Behind us was Film Geek guy who spent the entire night dazzling his fawning girlfriend with his amazing ability to discover plot holes. In front of us was some woman who just couldn't get warm no matter how hard she tried. She'd shift around in her chair, lie down and then sit back up, and add layer after layer of clothes. The moment we'd adjust to her adjustment, she'd adjust herself once again. Then there were the gaggle of girls a little bit farther ahead of us. As far as we could tell, they didn't watch any part of the movie and spent the entire two hours having rather animated conversations and gossiping. Besides angering our inner cineaste ("this is the scene where all the faces melt, how could you not watch!?") we just couldn't get over the fact that it didn't occur to them that if all they wanted to do was talk and drink wine, doing so in a huge park full of maybe a thousand people watching a movie might not be the best place for it. It didn't help that one of the girls, the one directly in our line of view, would move back and forth between leaning in to share some particularly juicy insight or lean back to laugh in hysterics at her friend's bon mots every other minute. We had finally adjusted to the lady right in front of us for the umpteenth time only to have the girl move in and out of our line of sight.
And yes, we're cranky, bitter old men. If we were smart, we'd organize some sort of neighborhood group that would complain about all the increased traffic and noise into our neighborhood and how showing movies in Dolores Park just isn't Mission enough and might bring in people who don't live in the Mission. Maybe even people from Walnut Creek!
But we won't. Because it was still pretty darn cool and we still had a great time. In fact, we can't wait for October's showing of Young Frankenstein.



Why don't you just tell them to shut the f**k up? Loudly and meanly. You'd be amazed how effective this is.
Well, damn, ya'll should have gone to the Paul Reubens' day festivities instead.
People in San Francisco complain and whine too much.
I have to agree with bluecanary on getting the girls to shut up. It's most effective coming from a man but I've used it with and without the swear words, depending on the situation. Using an angry/outraged tone is key.
I had the same experience at the Airplane screening a few months ago -- infuriating! The secret is to get there wicked early so you can sit close to the screen, amongst other polite folks who are there to watch rather than chat.
And I have a feeling that yelling "shut up" would have invited additional grief.
Shoot, I bungled the bit about the girls in front of me. I actually couldn't hear them as they weren't that close to me and they did make an effort to be not so loud. But what they did do is keep moving in and out of my line of vision and you know how something that shouldn't be that big of a deal increasingly becomes that big of a deal because you get fixated on it and fixated on it until it's all you could think about? That's how it was.

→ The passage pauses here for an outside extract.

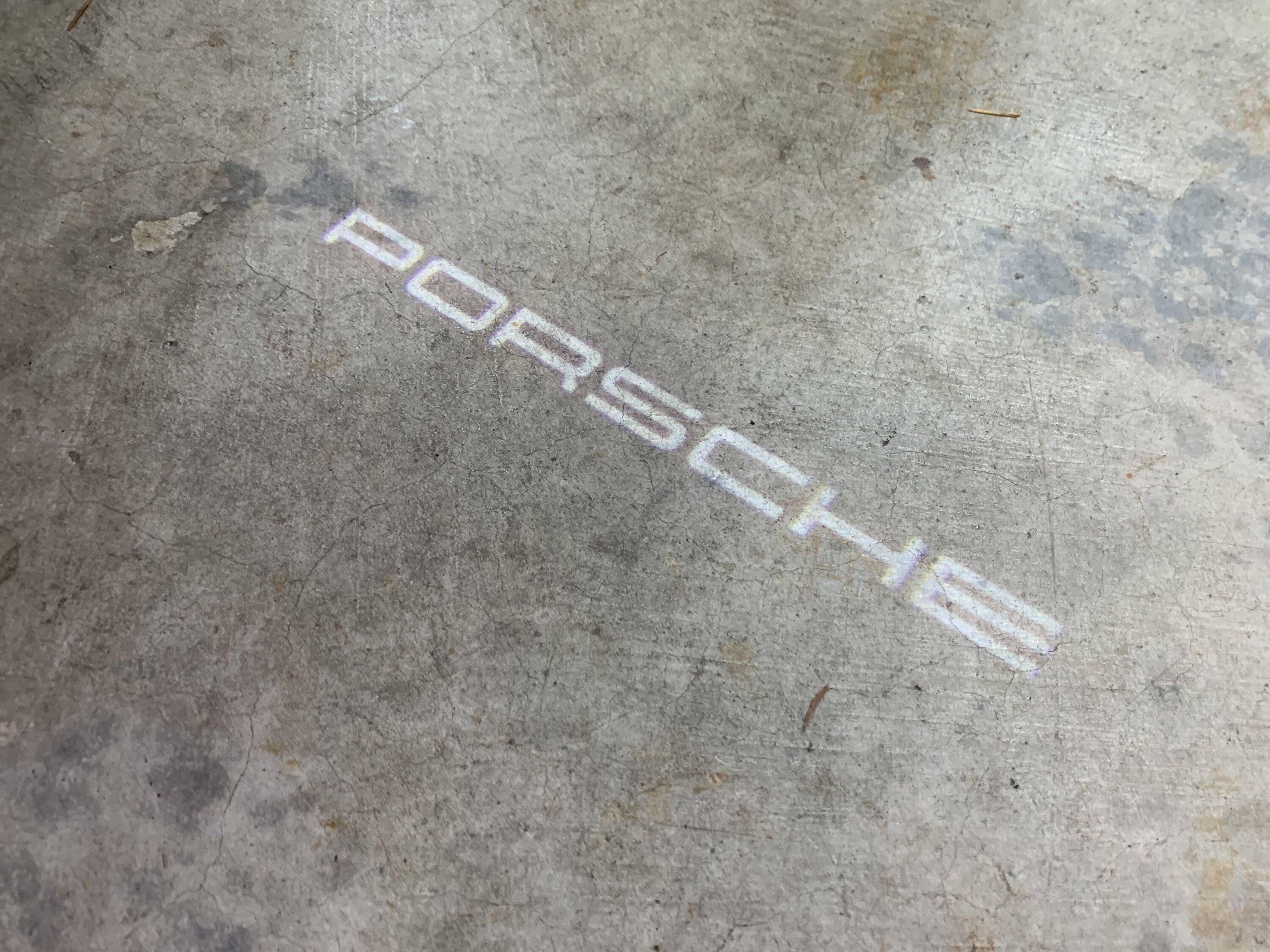 Porsche Taycan FS: 2022 Taycan Cross Turismo IMG_2980.JPG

And just to be clear, I still had a great time and thank the people who put it together.
I agree -- tell 'em to shut up, sit down. Central to The American Way is that everything is permissible except that which is not, as opposed to nothing being permissible except that which is.
In other words, people will do anything they feel like, until someone tells them it's wrong. See: smoking, employing children, driving Hummmers, etc.
So tell 'em to "shut the f*** up" so they know their fellow human beings aren't havin' any of it.
it's so west coast to not confront people on this type of rude behavior. i'm from the northeast, and we tell people to shut up when they talk at an event like this. i was at the movie as well and was too far back and was stuck next to talky mctalkerson and his blanket-mates (who seemed to be getting a bit tired of his mouth as well) and sadly after a year+ here my natural inclination to get the talkersons to shaddap has vanished. but then i've seen raiders so many times that i didn't need the sound as much.
still, i think californians need to learn to be a bit more direct. it's one thing to be laid back, it's another to enable a jerk to continue in his jerkitude.